NEW YORK (GenomeWeb) – Researchers from St. Jude Children's Research Hospital have developed a new algorithm for detecting somatic copy number alterations (CNAs) in high-coverage whole genome sequence that they claim improves on existing methods.
According to the researchers, the algorithm combines structural variation information and read depth change information to identify novel cancer-related CNAs, complex rearrangements, and sub-clonal CNAs in cancer samples that other methods which rely on just read depth information may miss. It also provided dramatically better accuracy and sensitivity than previous techniques designed to identify CNAs in whole genome sequence, they said.
The researchers described the freely available tool, called Copy Number Segmentation by Regression Tree in Next Generation Sequencing (CONSERTING) in a recent Nature Methods paper that included the results of comparison tests between CONSERTING and four other published algorithms: CNV-seq, SegSeq, FREEC, and BIC-seq. For the comparison, they analyzed normal and tumor samples collected from 43 children and adults with glioblastoma, leukemia, melanoma, glioma, and retinoblastoma.
Jinghui Zhang, a member of St. Jude's Computational Biology department and senior author on the Nature Methods paper, said in a statement that the method identified CNAs in genomic data from the children in the study with 100 times greater precision, and 10 times greater precision in adults, compared to other methods. Meantime, Xiang Chen, a senior research scientist at St Jude and first author on the paper, added that the software successfully found previously undetected chromosomal rearrangements and CNAs that are only present in a small percentage of tumor cells. These may help explain why tumors sometimes return post-treatment, the researchers said.
CONSERTING was developed for the St. Jude-Washington University Pediatric Cancer Genome Project, an ongoing collaborative effort between the two institutions to identify genetic alterations that cause a number of childhood cancers. The project includes the normal and cancer genomes of 700 pediatric cancer patients with about 21 different cancer subtypes.
Initially, researchers involved in the project tried to use existing methods to analyze data from the samples and soon noticed that while these tools were generally able to identify large CNAs, "when you are going down to the focal copy number changes ... you start to have trouble seeing what is signal versus analytical noise," Zhang told GenomeWeb. With other methods, focal copy number changes are often missed outright or indistinguishable from thousands of false positives in data caused by coverage bias, mapping ambiguity in repetitive regions, or sequence library artifacts.
Efforts to optimize those other tools for their purposes did not work, Zhang said, and so the group decided to develop its own method. Furthermore, Zhang and colleagues had previously developed a second tool called Clipping Reveals Structure, CREST, an algorithm for detecting structural variations from next-generation sequencing data, and believed that they could use the information provided by CREST to improve copy number analysis.
According to the Nature Methods paper, CONSERTING uses recursive partitioning statistical techniques — regression tree analysis — to find the transition points for read-depth changes. It does so using an iterative process of segmentation by read depth, segment merging, and localized structural variant detection which makes it possible to detect CNAs with even subtle read depth changes.
As Zhang explained it, CONSERTING takes in structural variant breakpoint information provided by CREST, and uses it to perform localized read depth analysis on segments of the genome. Specifically, it uses the breakpoint information to search for new boundaries of read depth changes, she said. Breakpoints mark changes in copy number function caused usually by chromosomal rearrangements. In this context, using the breakpoint data makes it possible to distinguish between read depth changes caused by random or stochastic changes that could happen during sequencing, and those that are the result of copy number changes, she said. As new boundaries are identified, CREST is again applied to these newly found regions and the process repeats until there are no more new genomic segments are found.
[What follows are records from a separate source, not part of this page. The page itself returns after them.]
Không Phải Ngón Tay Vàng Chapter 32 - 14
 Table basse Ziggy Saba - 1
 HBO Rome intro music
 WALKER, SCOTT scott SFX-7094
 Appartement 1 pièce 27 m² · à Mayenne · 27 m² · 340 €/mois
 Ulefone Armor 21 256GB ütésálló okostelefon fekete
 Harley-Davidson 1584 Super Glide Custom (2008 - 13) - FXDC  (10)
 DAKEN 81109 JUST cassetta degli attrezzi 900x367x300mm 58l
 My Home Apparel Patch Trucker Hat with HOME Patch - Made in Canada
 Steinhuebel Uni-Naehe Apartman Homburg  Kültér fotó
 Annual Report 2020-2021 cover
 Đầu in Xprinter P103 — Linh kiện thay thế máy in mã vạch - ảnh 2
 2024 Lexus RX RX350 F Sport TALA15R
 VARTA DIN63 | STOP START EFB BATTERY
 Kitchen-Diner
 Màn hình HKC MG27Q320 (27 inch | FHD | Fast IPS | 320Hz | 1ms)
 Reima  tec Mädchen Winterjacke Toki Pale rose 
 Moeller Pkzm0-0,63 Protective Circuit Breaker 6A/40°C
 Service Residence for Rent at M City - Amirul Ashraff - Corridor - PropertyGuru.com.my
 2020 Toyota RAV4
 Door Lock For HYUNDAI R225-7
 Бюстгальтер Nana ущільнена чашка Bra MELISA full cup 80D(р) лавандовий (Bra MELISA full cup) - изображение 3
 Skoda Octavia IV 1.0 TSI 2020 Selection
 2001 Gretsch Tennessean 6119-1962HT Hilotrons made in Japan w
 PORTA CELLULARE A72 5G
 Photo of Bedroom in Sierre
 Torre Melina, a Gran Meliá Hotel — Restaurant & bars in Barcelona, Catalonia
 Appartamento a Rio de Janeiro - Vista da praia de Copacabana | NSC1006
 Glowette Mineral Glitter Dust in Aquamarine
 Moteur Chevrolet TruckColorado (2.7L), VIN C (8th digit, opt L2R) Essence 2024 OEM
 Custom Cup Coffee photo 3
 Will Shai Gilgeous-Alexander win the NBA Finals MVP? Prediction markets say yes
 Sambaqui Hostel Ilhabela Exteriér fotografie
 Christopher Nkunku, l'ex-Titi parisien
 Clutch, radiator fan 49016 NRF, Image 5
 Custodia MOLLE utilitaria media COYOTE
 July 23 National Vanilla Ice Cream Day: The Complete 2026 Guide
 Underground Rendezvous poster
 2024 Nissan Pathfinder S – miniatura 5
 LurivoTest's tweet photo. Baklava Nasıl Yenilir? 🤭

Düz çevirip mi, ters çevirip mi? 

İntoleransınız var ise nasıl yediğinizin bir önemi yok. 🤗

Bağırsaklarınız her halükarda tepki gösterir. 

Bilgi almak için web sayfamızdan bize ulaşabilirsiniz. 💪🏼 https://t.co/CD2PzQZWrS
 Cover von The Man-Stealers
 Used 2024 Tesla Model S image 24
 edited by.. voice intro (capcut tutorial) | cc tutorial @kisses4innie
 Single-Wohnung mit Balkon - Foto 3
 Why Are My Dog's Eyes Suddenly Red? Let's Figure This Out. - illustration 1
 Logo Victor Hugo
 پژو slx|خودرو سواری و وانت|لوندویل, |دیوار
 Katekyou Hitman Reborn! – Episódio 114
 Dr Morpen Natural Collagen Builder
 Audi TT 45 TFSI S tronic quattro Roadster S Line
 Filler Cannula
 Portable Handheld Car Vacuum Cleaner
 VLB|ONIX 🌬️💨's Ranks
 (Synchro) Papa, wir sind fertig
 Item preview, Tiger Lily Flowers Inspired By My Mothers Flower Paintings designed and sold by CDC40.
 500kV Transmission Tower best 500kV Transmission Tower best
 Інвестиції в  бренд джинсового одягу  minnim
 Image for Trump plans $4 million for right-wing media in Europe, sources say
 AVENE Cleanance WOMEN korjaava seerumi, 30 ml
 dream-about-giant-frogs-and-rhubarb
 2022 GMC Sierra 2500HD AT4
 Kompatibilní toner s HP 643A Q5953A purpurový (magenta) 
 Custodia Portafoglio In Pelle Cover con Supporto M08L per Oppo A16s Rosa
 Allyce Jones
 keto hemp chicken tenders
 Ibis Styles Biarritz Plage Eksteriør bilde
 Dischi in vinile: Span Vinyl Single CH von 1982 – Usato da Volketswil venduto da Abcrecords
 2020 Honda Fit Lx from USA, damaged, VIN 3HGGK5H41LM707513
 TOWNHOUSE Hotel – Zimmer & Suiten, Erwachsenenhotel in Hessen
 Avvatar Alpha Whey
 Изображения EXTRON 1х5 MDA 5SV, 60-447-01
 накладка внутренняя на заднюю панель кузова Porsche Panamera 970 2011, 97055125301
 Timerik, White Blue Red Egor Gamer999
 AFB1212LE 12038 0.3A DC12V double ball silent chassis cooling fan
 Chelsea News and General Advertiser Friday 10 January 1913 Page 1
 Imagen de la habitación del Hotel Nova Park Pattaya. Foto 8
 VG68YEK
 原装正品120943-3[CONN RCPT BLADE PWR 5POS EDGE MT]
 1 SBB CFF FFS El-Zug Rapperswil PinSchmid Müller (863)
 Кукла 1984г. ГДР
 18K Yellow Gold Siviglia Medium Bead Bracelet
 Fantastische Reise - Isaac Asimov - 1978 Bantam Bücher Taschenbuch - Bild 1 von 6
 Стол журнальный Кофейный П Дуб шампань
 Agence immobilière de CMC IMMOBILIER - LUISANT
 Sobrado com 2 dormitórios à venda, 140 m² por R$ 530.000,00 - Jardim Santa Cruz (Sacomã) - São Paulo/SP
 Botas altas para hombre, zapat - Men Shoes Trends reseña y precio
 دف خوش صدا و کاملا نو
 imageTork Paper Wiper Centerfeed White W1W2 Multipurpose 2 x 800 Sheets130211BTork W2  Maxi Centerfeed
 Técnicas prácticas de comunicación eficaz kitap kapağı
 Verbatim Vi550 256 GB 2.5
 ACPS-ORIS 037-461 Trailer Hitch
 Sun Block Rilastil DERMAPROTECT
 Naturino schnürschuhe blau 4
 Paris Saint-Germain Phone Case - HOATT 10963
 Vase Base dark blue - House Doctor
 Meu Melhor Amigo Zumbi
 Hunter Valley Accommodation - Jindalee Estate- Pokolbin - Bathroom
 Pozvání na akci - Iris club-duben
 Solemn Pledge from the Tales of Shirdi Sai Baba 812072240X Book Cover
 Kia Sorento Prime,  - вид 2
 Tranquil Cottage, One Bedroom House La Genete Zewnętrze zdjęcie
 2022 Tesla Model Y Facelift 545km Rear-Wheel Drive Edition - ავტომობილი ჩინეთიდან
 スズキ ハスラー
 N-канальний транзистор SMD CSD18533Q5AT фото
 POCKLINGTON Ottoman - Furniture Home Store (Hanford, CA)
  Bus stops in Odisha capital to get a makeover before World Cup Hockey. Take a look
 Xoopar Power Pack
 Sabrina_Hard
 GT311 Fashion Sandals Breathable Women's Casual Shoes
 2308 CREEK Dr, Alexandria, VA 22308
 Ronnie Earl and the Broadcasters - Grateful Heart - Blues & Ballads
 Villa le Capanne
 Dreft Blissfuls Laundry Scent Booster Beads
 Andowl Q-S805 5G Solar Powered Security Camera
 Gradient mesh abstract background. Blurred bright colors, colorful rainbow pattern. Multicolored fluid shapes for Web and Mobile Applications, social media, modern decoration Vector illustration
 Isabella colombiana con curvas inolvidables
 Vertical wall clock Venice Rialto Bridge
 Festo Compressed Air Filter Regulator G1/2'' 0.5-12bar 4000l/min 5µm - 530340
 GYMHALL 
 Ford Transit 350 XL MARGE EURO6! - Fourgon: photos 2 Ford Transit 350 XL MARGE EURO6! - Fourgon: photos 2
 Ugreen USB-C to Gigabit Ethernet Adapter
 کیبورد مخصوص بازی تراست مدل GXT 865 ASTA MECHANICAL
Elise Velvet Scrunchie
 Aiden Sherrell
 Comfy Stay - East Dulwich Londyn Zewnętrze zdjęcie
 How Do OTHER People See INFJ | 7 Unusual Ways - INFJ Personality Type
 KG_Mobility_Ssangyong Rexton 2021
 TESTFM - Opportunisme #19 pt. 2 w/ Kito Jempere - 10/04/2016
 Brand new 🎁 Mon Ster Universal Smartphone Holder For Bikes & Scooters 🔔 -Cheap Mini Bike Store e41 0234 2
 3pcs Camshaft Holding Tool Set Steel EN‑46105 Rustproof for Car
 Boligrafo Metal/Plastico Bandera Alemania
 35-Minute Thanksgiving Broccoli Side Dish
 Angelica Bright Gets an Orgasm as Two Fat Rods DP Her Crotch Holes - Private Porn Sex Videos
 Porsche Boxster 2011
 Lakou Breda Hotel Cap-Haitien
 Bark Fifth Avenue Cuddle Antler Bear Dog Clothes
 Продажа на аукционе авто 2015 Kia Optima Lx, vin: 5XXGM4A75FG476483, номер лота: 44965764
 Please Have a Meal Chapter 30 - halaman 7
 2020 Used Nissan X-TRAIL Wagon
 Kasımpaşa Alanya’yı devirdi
CONSERTING uses regression trees so its performance is faster than what would be possible with statistical methods such as standard hidden markov models, making it possible to perform multiple iterations of read segmentation and SV breakpoint detection, Zhang said. Also, it uses loss-of-heterozygosity measures to determine which chromosome to use as a baseline reference to identify copy number changes in tumor samples, she said.
Although running the software together is more accurate, it does require more computation time than other methods, Zhang said. According to the paper, it requires about 50 minutes per iteration of read depth analysis of a paired tumor-normal whole-genome sequence. However, researchers can choose to run CONSERTING without CREST and that returns faster results with at least comparable accuracy to existing methods, she said.
The longer computation time for the combined solution is one of the reasons why the group has made available a cloud-based version of CONSERTING, along with an implementation of CREST, available on Amazon Web Services. This way, researchers can take advantage of the large quantities of compute power available on the cloud to complete their analysis in a reasonable amount of time, she said. Instructions for running the tools on the cloud are available on the St. Jude website. Alternatively, both pieces of software can be downloaded and installed locally for free from the website.
The researchers have implemented CONSERTING in St. Jude's clinical sequencing laboratory and are currently exploring was of using the information that the software supplies, Zhang said. One application that they are working on is exploring the possibility of predicting digital karyotype directly from whole-genome sequence and also predicting the clonality of copy number alterations.